▶ TASK TO COMPLETE
When you reach the line below that has "materials at home.", start returning lines exactly, and stop after the line that has "INKEE Eenhoorn, 8-delige"; skip the pictures.

═══ AVAILABLE DATA

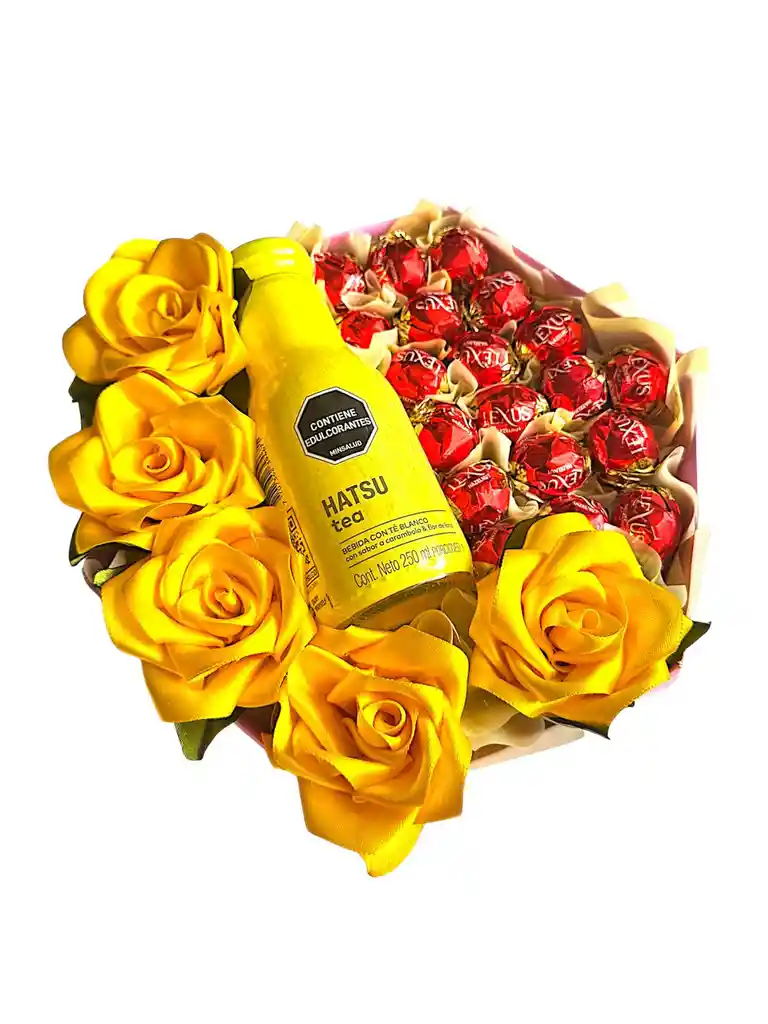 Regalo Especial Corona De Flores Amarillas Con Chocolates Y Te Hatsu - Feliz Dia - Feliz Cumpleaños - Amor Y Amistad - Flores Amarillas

══════
═══ AVAILABLE DATA

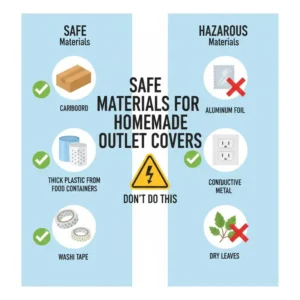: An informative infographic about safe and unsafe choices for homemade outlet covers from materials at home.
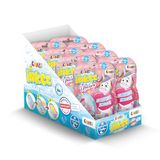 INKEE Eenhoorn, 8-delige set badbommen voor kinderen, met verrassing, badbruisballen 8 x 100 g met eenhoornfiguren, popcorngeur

══════

▶ FINISHED TASK
: An informative infographic about safe and unsafe choices for homemade outlet covers from materials at home.
 INKEE Eenhoorn, 8-delige set badbommen voor kinderen, met verrassing, badbruisballen 8 x 100 g met eenhoornfiguren, popcorngeur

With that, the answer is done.